____ Data for analysis

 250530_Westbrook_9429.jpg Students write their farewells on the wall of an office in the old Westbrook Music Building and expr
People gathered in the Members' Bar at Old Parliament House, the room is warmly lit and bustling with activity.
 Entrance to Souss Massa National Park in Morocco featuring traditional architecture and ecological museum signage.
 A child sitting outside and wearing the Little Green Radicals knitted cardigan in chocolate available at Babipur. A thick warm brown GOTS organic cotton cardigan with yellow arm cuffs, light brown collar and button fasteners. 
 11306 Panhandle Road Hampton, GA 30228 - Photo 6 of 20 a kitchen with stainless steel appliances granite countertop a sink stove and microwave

________
____ Data for analysis

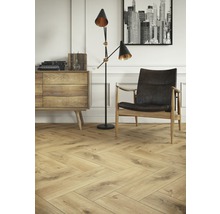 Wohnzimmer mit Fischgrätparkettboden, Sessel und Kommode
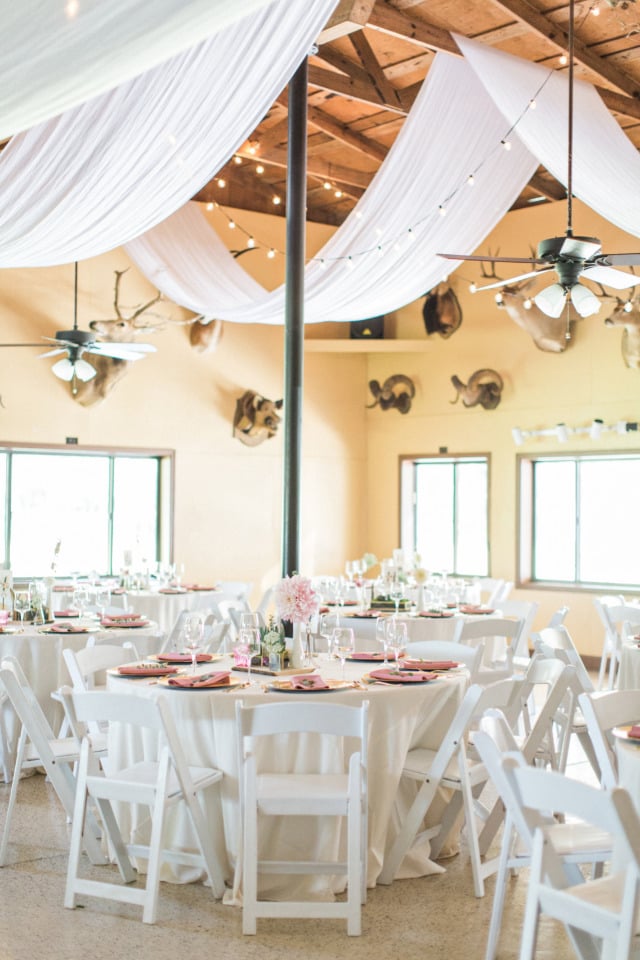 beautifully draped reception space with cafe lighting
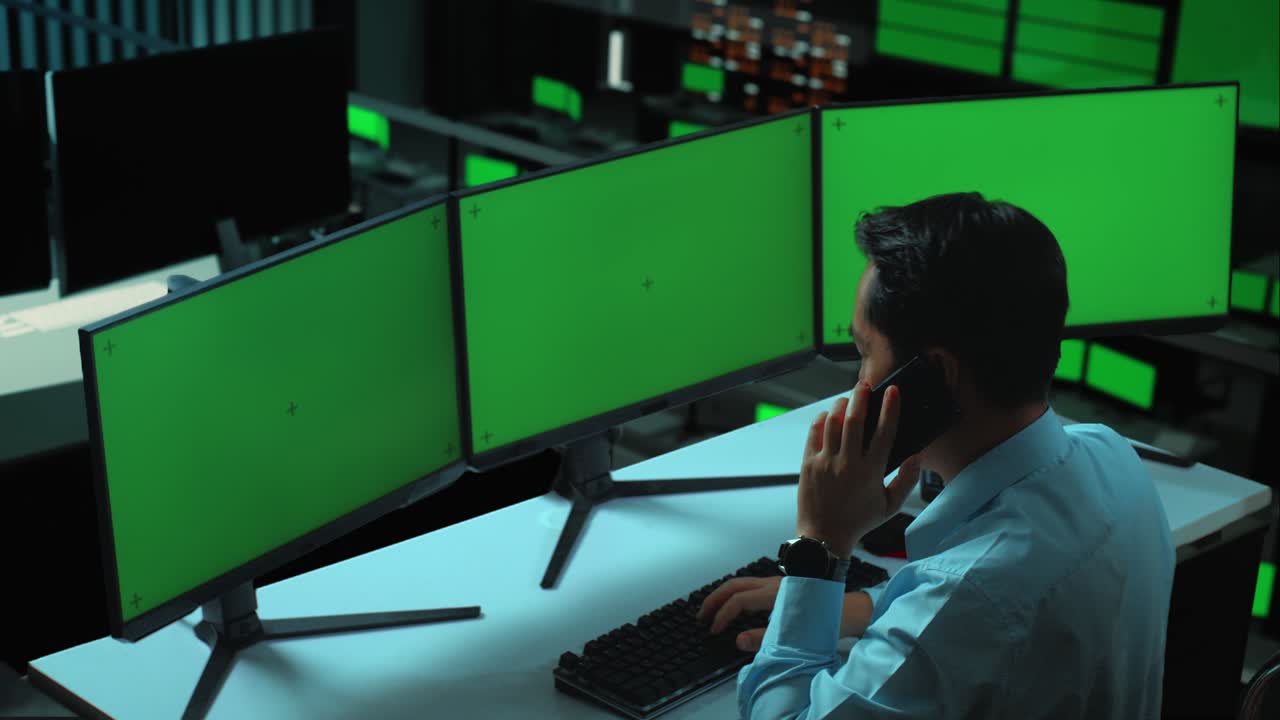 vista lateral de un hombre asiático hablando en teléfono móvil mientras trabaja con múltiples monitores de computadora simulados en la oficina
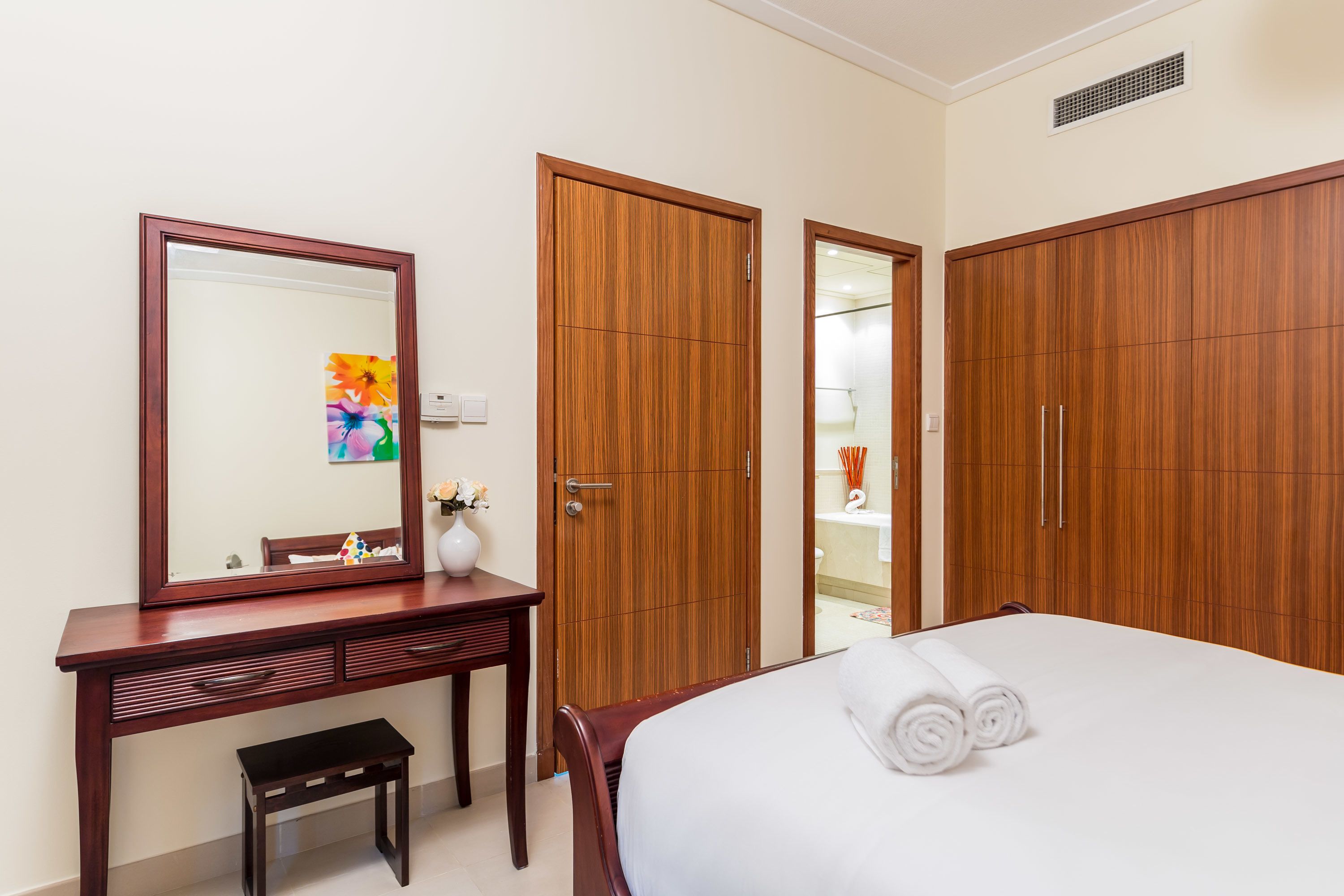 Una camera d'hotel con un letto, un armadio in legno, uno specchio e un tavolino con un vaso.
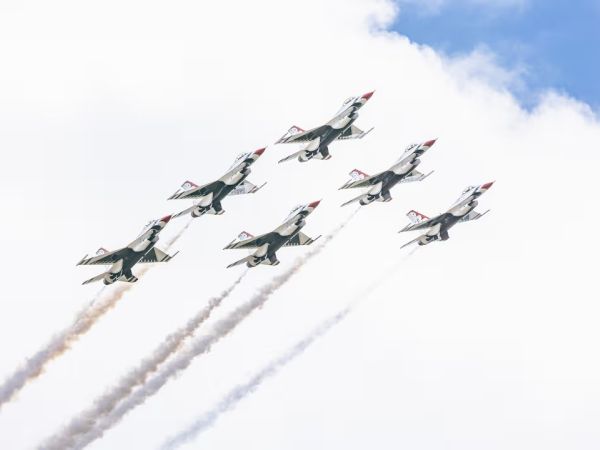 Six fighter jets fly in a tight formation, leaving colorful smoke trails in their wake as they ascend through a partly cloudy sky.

________

Exercise description — Using the entries above, extract exactly the span from the line with "Entrance to Souss" to the line with "11306 Panhandle Road", both lines included; leave out everything else.

Solved problem —
 Entrance to Souss Massa National Park in Morocco featuring traditional architecture and ecological museum signage.
 A child sitting outside and wearing the Little Green Radicals knitted cardigan in chocolate available at Babipur. A thick warm brown GOTS organic cotton cardigan with yellow arm cuffs, light brown collar and button fasteners. 
 11306 Panhandle Road Hampton, GA 30228 - Photo 6 of 20 a kitchen with stainless steel appliances granite countertop a sink stove and microwave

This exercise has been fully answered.